In two (2) criminal actions commenced in the Regional Trial Court of Pasig, Metro Manila,[1] docketed as Cases Numbered 1065-D and 1066-D, Tomas Moreno, Jr. was charged with the offenses, respectively, of illegal possession of marijuana in violation of Section 8, Article II of Republic Act No. 6425, and the unlawful sale delivery, dispensation, transport or distribution to another of methamphetamine hydrochloride (shabu) in violation of Section 15, Article III of the same act. Assisted by counsel de oficio, Moreno entered a plea of not guilty on arraignment. The two cases were thereafter tried jointly, it appearing that they arose from a single incident involving the same persons.

The State's proofs tended to establish that Moreno was apprehended through what has come to be known as a "buy-bust" operation in the act of actually selling and delivering shabu in a small plastic packet to a so-called "poseur-buyer," and a subsequent search of the house into which Moreno had run in an effort to elude arrest yielded a wooden box containing, among other things, what on later examination were found to be dried marijuana leaves.

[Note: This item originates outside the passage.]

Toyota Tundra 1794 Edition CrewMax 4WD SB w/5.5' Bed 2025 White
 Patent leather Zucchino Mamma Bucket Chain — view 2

The "buy-bust" operation was planned by Pat. Joselito Galindo and Pat. Erlito B. Lamayo, members of the Special Operations Group, Criminal Intelligence Division of the Mandaluyong Police Station. They planned the operation on the basis of a confidential report given by an informant named Pedro Gabriel. The police officers and Gabriel went to the house of the suspected drug trafficker, Tomas Moreno, Jr. at San Jose Street, Isla del Como, Mandaluyong, on November 23, 1989. From a short distance, the police officers watched Gabriel approach Moreno and speak to him. They saw Moreno go inside his house, come out immediately afterwards, walk with Gabriel along a small alley towards the place where Galindo and Lamayo had positioned themselves, give Gabriel a small package and receive a bill from the latter. Gabriel thereupon gave a pre-arranged signal and the two police officers began to move in.

When Moreno saw the two men coming towards him, he turned and sprinted back towards his house. Pat. Lamayo pursued him and followed him into the house. While running towards the back of the house, Moreno picked up a small box on top of a small table in the living room. He was however cornered near the back door and taken into custody. The box was taken from him, as also the one-hundred-peso bill paid to him by Gabriel bearing serial number BE 316956, said number having earlier been noted down by the police officers.

The box seized from Moreno was a wooden one, colored brown, and bore the marking, "EL/JG." Inside were two smaller boxes. According to the officers,[2] one of these smaller boxes, made of aluminum and marked "Flying Eagle EL/JG," contained one glass tubing; two pieces of rubber tooters; one black smoke pipe; one needle. The other, a cardboard box labeled "Zippo," contained suspected dried marijuana leaves weighing 0.94 grams; 3 pieces of improvised burner marked "EL/JG;" 32 aluminum foils inside a smaller white box; 1 fan knife; several pieces of used aluminum foil; 1 amber bottle marked "Mercury Drug" containing ethyl alcohol and 2 pieces of empty match boxes.

These items, together with the crystalline white substance in the plastic packet given by Moreno to Gabriel, were turned over to the PC/INP Laboratory Crime Service. Examination and analysis thereof in said laboratory disclosed that the crystalline white substance in the plastic packet handed to Gabriel by Moreno, was shabu; the glass tube inside the box marked "Flying Eagle EL/JB had traces of shabu; and the dried leaves were marijuana, 0.94 grams. The other articles submitted for examination were found negative for either marijuana or shabu.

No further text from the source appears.